Segundo o setor, a crise está ligada a tensões no Oriente Médio, que impactaram a oferta e provocaram aumento da demanda, resultando em entregas reduzidas por parte das distribuidoras. Postos sem bandeira são os mais afetados, com dificuldade de negociação e custos mais elevados, o que já gera risco de paralisação de atividades.
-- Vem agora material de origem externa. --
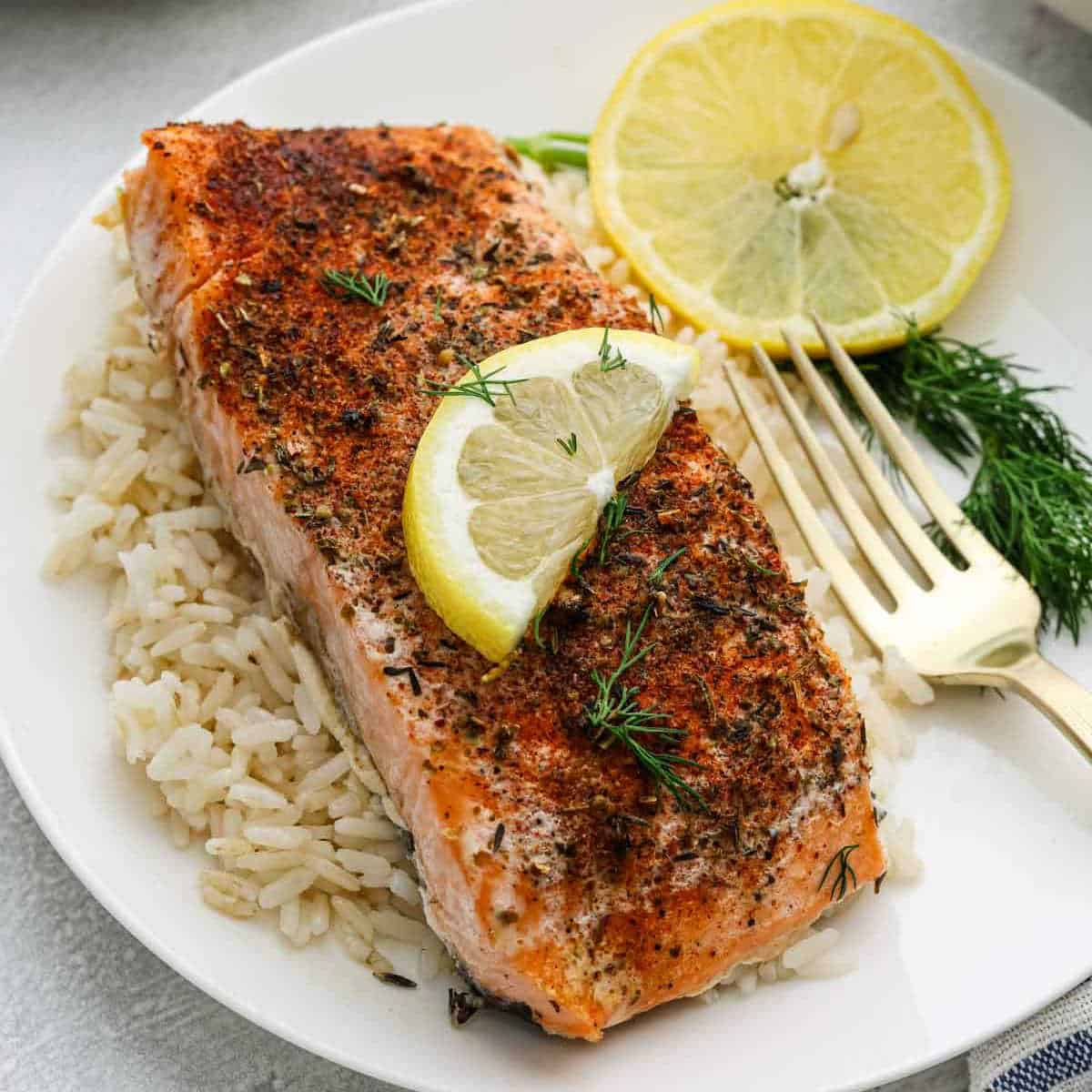 A plate with a seasoned, Slow Cooker Salmon fillet on a bed of rice, garnished with fresh dill and lemon slices, with a gold fork on the side.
Em Porto Alegre e região metropolitana, há relatos de escassez e racionamento, especialmente de diesel. O cenário também atinge prefeituras: dados da Famurs indicam que mais de 140 municípios registram problemas no abastecimento, levando à priorização de serviços essenciais.
A Petrobras informou que não atua diretamente na distribuição desde 2021 e que os preços finais incluem fatores como tributos, mistura de biocombustíveis e logística. Já o Sindisul reconheceu oscilações pontuais, mas nega falta generalizada. O caso é acompanhado por órgãos reguladores, sem previsão clara de normalização no curto prazo.